KESK, TMMOB ve TTB'nin 2007 bütçesinin geri çekilmesi için düzenlediği referanduma katılan 650 binden fazla kişinin yüzde 92,1'i "Bütçeye hayır" demişti.
"Eylemin başarısı haklarımızı alma süremizi belirleyecek"
Tombul eylemi hangi gerekçelerle yapma kararı aldıklarınıysa şöyle özetledi:
"Hükümetle kamu emekçileri sendikaları arasındaki toplu görüşmeler süresince insanca yaşayacak ücret, ücretsiz nitelikli kamu hizmeti, toplu sözleşme grev hakkımızı kullanılır hale gelme taleplerimizi ortaya koyduk ancak hükümet bu taleplerin hiçbirine olumlu yanıt vermedi.
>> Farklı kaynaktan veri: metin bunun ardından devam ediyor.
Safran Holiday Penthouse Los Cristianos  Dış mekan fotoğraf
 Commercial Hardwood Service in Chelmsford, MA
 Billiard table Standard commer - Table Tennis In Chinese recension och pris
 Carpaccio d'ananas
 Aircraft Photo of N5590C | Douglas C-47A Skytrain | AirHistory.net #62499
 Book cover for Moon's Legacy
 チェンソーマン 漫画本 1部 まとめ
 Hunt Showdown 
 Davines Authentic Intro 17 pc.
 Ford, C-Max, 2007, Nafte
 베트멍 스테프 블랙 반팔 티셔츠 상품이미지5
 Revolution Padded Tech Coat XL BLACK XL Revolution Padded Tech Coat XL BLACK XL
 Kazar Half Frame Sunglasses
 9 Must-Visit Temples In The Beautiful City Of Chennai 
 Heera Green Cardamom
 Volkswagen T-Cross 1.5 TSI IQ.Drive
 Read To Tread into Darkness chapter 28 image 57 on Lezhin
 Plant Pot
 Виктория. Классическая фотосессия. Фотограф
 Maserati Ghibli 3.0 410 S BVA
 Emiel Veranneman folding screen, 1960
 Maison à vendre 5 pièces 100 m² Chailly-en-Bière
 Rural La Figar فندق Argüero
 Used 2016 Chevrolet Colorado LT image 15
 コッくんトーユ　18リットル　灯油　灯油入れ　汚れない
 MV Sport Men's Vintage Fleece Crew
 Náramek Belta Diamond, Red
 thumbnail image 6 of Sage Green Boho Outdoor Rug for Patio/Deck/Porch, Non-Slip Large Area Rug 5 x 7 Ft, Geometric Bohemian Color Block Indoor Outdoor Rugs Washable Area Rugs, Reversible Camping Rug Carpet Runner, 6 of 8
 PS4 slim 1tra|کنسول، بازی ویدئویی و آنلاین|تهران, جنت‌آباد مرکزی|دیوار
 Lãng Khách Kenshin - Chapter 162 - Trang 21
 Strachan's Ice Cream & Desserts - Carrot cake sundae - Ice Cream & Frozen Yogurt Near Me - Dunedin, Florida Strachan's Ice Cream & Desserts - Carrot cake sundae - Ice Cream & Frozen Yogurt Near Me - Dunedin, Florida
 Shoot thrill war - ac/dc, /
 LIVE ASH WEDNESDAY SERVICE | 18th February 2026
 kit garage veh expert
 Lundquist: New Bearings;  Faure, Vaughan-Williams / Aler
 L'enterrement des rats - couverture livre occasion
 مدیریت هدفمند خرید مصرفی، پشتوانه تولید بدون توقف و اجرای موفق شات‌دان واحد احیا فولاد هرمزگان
Bunun üzerine toplu görüşme sürecini terk ederek, toplu sözleşme ve grev haklarımızı kullanma kararı aldık."
Tombul, toplu sözleşme ve grev hakkı konusunda hukuken herhangi bir sorun bulunmadığını, sorunun hükümetin zihniyetinden kaynaklı siyasal bir sorun olduğunu ifade etti.
Bütün kamu çalışanlarının, statüsü ne olursa olsun birlikte mücadele etmesi gerektiğini ve örgütlenmesi gerektiğini savunduklarını belirten Tombul, "Yarınki eylemin başarısı önümüzdeki dönem bizim haklarımızı alma süremizi belirleyecek" dedi.
Halka rağmen bütçe yapamazsın demek için alanlara
"Bütçe sadece kamu emekçilerini değil 73 milyonu ilgilendiriyor" diyen Tombul, bütçeden etkilenen tüm toplum kesimlerini alanlara çıkarak eylemlerine destek vermeye çağırdı.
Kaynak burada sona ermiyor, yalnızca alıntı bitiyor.